The population variance gives an indication of how to spread out a data set is. Unfortunately, it is typically impossible to know exactly what this population parameter is. To compensate for our lack of knowledge, we use a topic from inferential statistics called confidence intervals. We will see an example of how to calculate a confidence interval for a population variance.
Confidence Interval Formula
The formula for the (1 - α) confidence interval about the population variance. Is given by the following string of inequalities:
(n - 1)s2 / B < σ2 < (n - 1)s2 / A.
Here n is the sample size, s2 is the sample variance. The number A is the point of the chi-square distribution with n -1 degrees of freedom at which exactly α/2 of the area under the curve is to the left of A. In a similar way, the number B is the point of the same chi-square distribution with exactly α/2of the area under the curve to the right of B.
We begin with a data set with 10 values. This set of data values was obtained by a simple random sample:
97, 75, 124, 106, 120, 131, 94, 97,96, 102
Some exploratory data analysis would be needed to show that there are no outliers. By constructing a stem and leaf plot we see that this data is likely from a distribution that is approximately normally distributed. This means that we can proceed with finding a 95% confidence interval for the population variance.

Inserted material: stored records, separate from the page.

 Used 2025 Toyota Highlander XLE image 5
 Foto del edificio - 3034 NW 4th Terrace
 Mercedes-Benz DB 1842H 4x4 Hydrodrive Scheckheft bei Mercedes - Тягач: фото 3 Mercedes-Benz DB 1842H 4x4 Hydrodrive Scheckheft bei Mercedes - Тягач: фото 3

We need to estimate the population variance with the sample variance, denoted by s2. So we begin by calculating this statistic. Essentially we are averaging the sum of the squared deviations from the mean. However, rather than dividing this sum by n we divide it by n - 1.
We find that the sample mean is 104.2. Using this, we have the sum of squared deviations from the mean given by:
(97 - 104.2)2 + (75 - 104.3)2 +… + (96 - 104.2)2 + (102 - 104.2)2 = 2495.6
We divide this sum by 10 - 1 = 9 to obtain a sample variance of 277.

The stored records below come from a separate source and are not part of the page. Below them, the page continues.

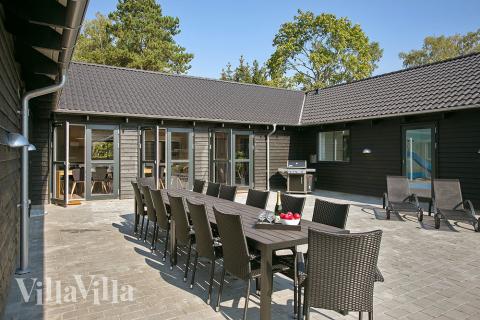 Luksushus nr. 369 har en deilig terrasse med gode hagemøbler til 20 personer.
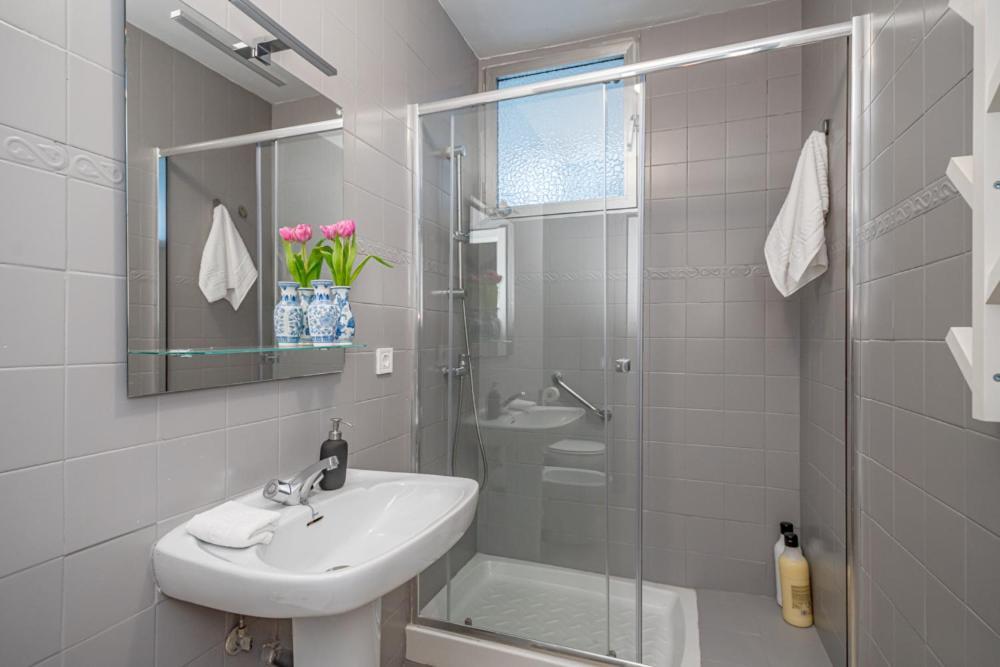 Madrid Rio Rooms Экстерьер фото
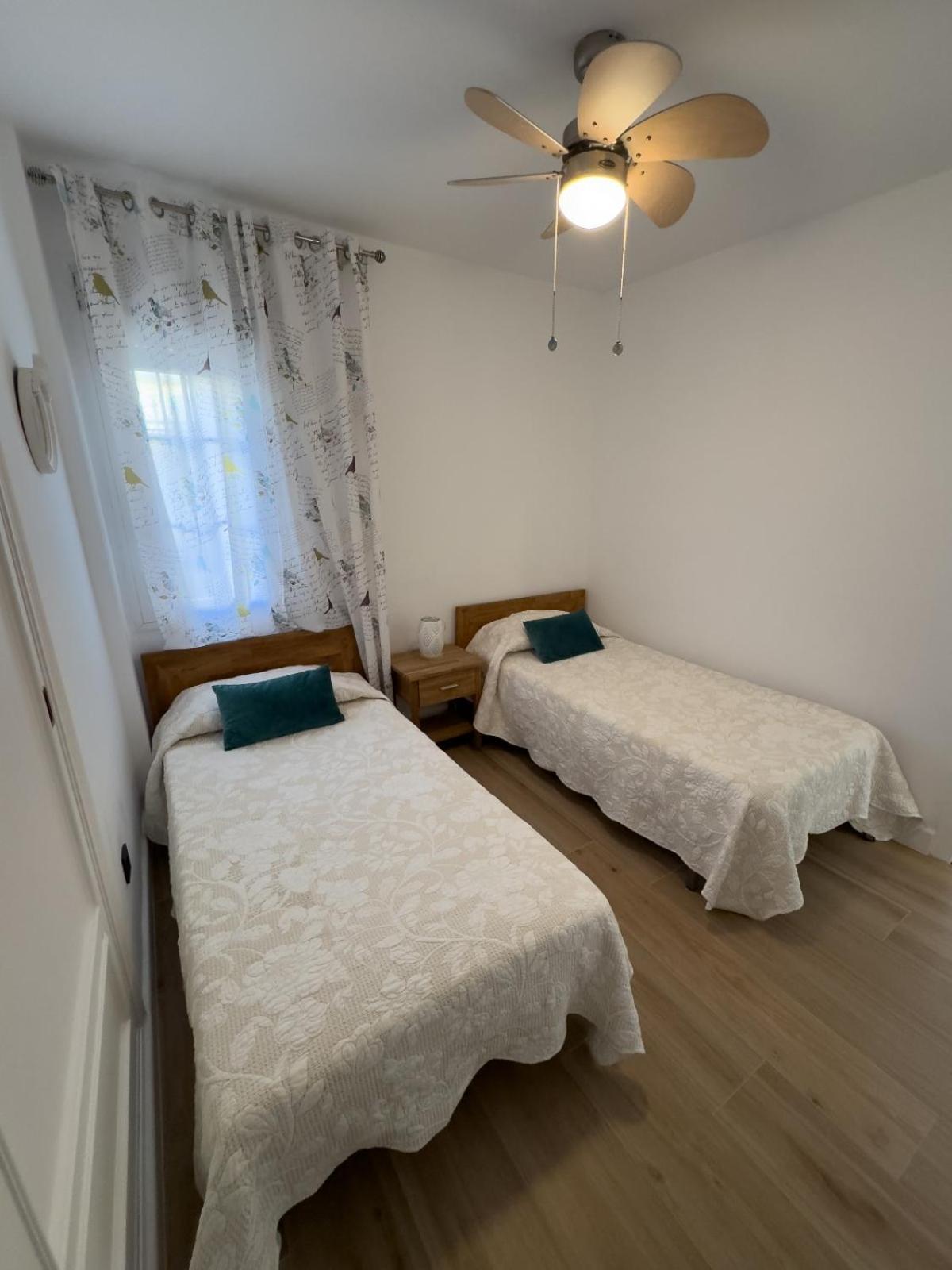La Tortuga I, Encantador Apartamento Con Garaje En Primera Linea De Playa Тарифа Экстерьер фото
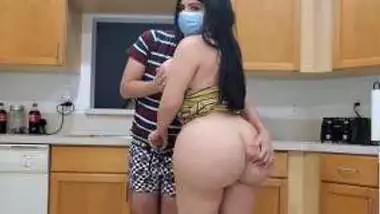 कोरोना वायरस से मोम बेटे से चुदने के लिए हुई मजबूर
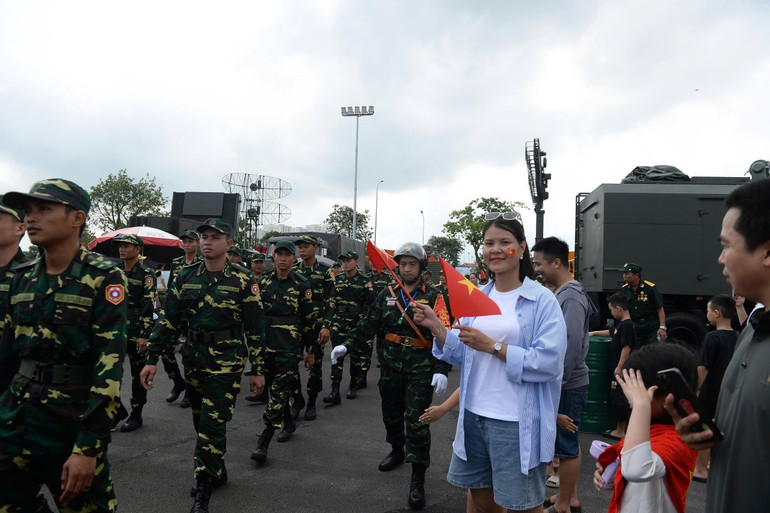 Người dân nồng nhiệt đón chào các quân nhân nước bạn. z6963677596821-118b634f541f4134b0372cd313b8cebb.jpg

We now turn to our chi-square distribution. Since we have 10 data values, we have 9 degrees of freedom. Since we want the middle 95% of our distribution, we need 2.5% in each of the two tails. We consult a chi-square table or software and see that the table values of 2.7004 and 19.023 enclose 95% of the distribution's area. These numbers are A and B, respectively.

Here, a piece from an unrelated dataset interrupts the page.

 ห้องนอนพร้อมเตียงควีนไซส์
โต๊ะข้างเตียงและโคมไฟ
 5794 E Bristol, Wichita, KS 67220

We now have everything that we need, and we are ready to assemble our confidence interval. The formula for the left endpoint is (n - 1)s2 / B. This means that our left endpoint is:
(9 x 277)/19.023 = 133
The right endpoint is found by replacing B with A:
(9 x 277)/2.7004 = 923
And so we are 95% confident that the population variance lies between 133 and 923.
Population Standard Deviation
Of course, since the standard deviation is the square root of the variance, this method could be used to construct a confidence interval for the population standard deviation. All that we would need to do is to take square roots of the endpoints. The result would be a 95% confidence interval for the standard deviation.